## What this task involves
Transcribe all of the data exactly. Images stay out.
◇ ◇ ◇ ◇ ◇ ◇ ◇
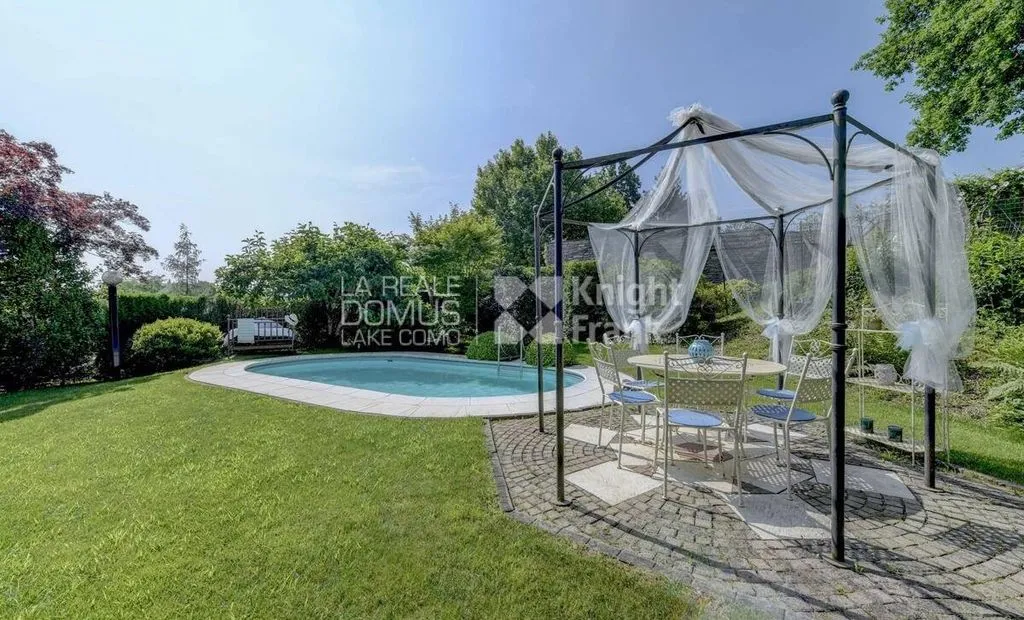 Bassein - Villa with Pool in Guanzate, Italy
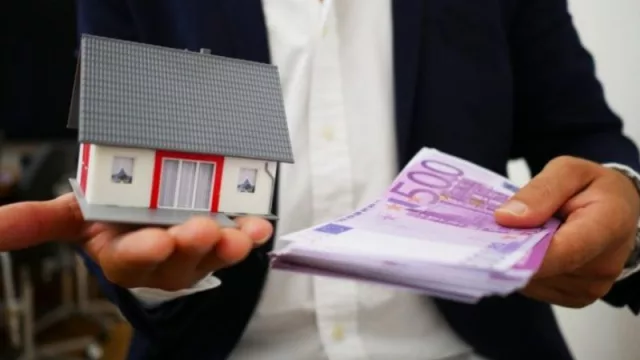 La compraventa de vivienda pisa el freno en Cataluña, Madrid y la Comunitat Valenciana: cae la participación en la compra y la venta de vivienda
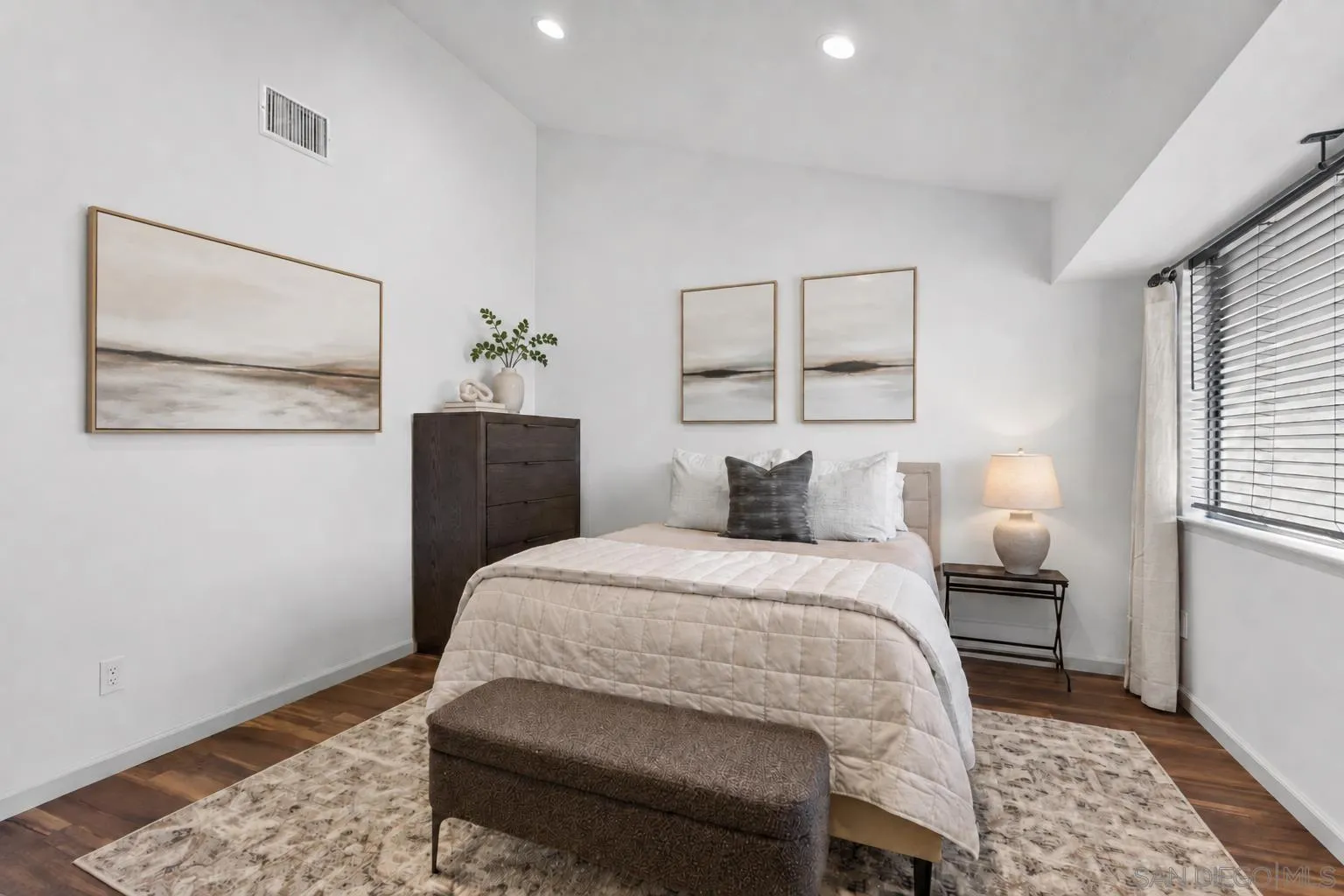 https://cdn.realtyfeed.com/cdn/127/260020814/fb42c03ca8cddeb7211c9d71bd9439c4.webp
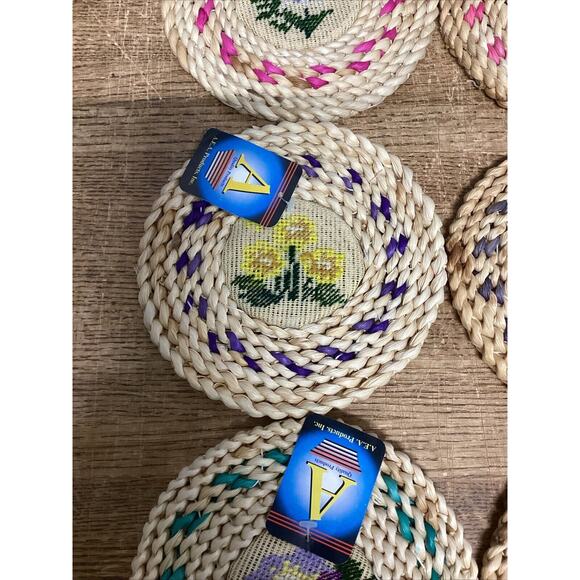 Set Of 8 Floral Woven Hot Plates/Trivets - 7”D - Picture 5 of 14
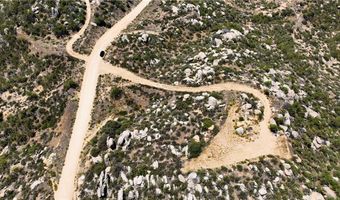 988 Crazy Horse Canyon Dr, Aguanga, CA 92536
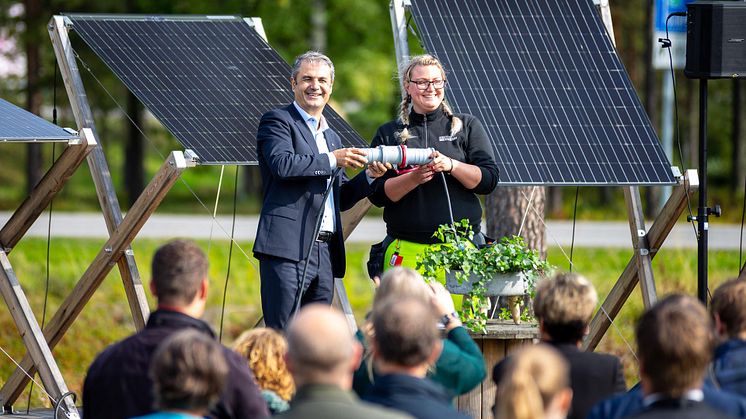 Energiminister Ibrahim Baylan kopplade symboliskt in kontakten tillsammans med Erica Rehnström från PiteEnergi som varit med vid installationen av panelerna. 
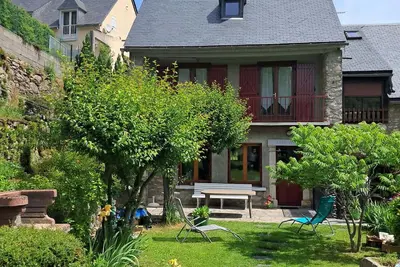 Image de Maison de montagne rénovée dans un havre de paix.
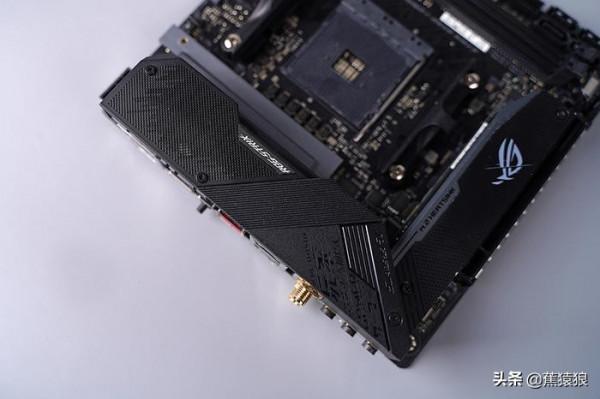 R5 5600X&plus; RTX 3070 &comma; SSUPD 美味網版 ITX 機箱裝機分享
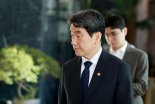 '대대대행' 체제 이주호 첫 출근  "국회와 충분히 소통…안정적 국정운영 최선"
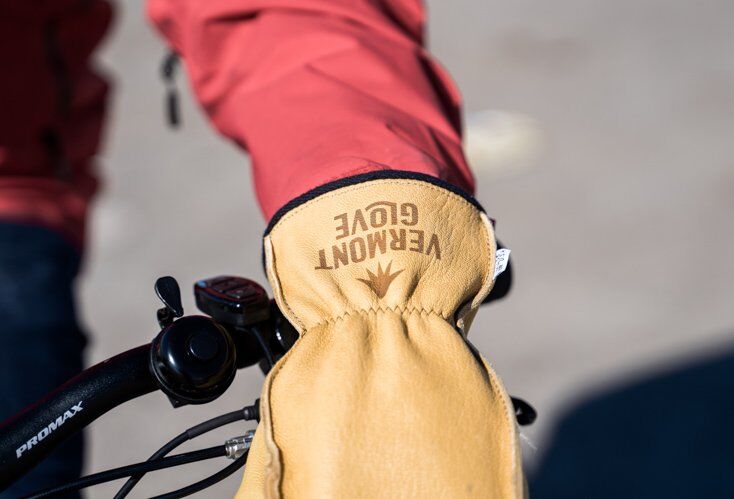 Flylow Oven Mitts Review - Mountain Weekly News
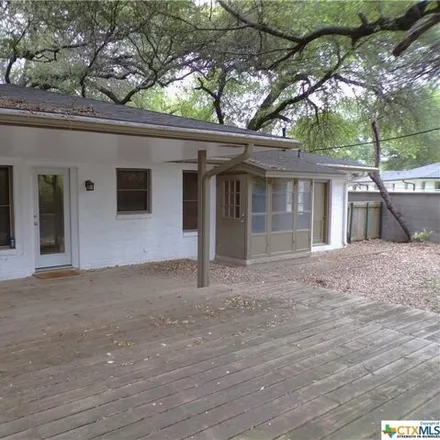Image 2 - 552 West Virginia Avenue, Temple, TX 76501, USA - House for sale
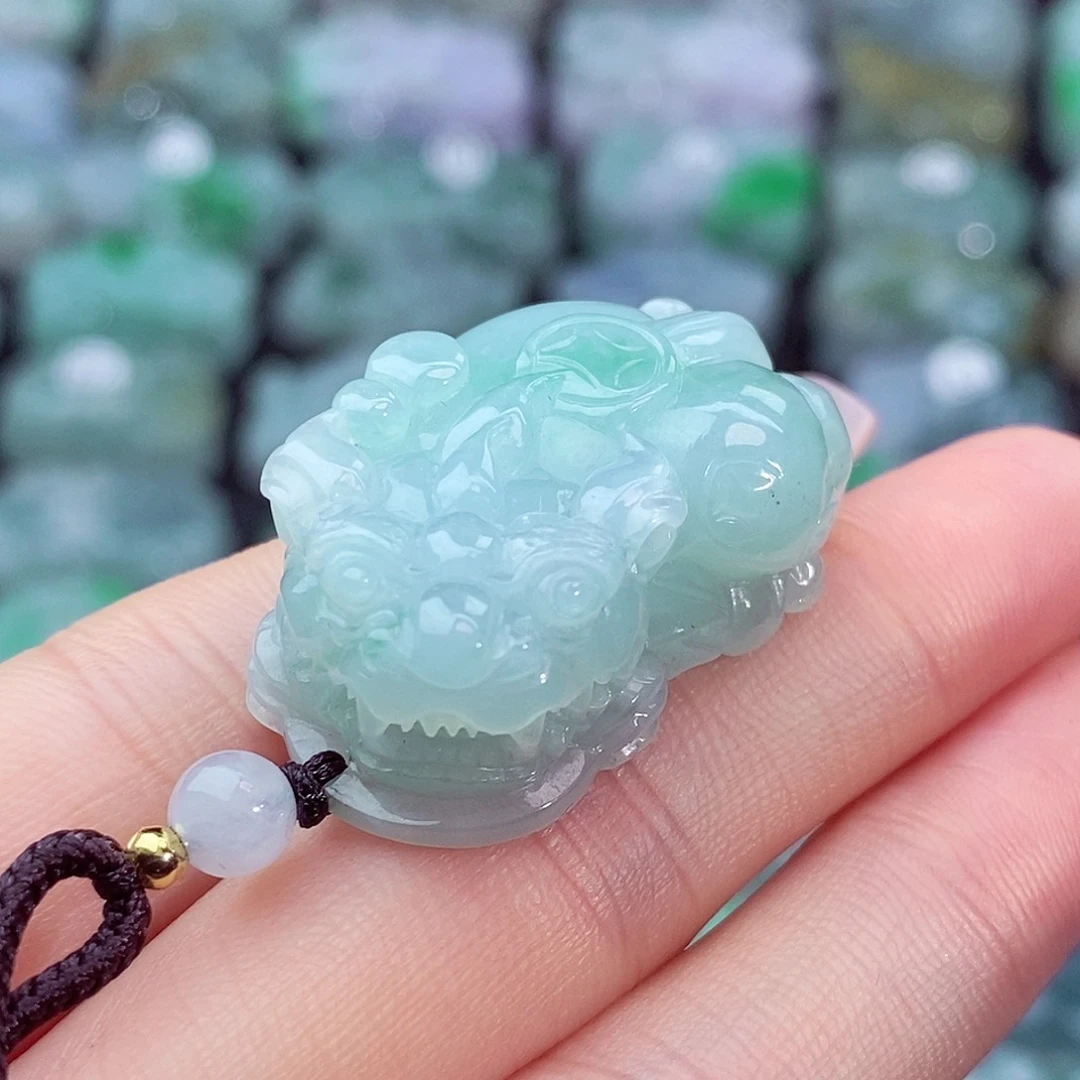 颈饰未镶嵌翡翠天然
◇ ◇ ◇ ◇ ◇ ◇ ◇
## Answer to the problem
 Bassein - Villa with Pool in Guanzate, Italy
 La compraventa de vivienda pisa el freno en Cataluña, Madrid y la Comunitat Valenciana: cae la participación en la compra y la venta de vivienda
 https://cdn.realtyfeed.com/cdn/127/260020814/fb42c03ca8cddeb7211c9d71bd9439c4.webp
 Set Of 8 Floral Woven Hot Plates/Trivets - 7”D - Picture 5 of 14
 988 Crazy Horse Canyon Dr, Aguanga, CA 92536
 Energiminister Ibrahim Baylan kopplade symboliskt in kontakten tillsammans med Erica Rehnström från PiteEnergi som varit med vid installationen av panelerna. 
 Image de Maison de montagne rénovée dans un havre de paix.
 R5 5600X&plus; RTX 3070 &comma; SSUPD 美味網版 ITX 機箱裝機分享
 '대대대행' 체제 이주호 첫 출근  "국회와 충분히 소통…안정적 국정운영 최선"
 Flylow Oven Mitts Review - Mountain Weekly News
Image 2 - 552 West Virginia Avenue, Temple, TX 76501, USA - House for sale
 颈饰未镶嵌翡翠天然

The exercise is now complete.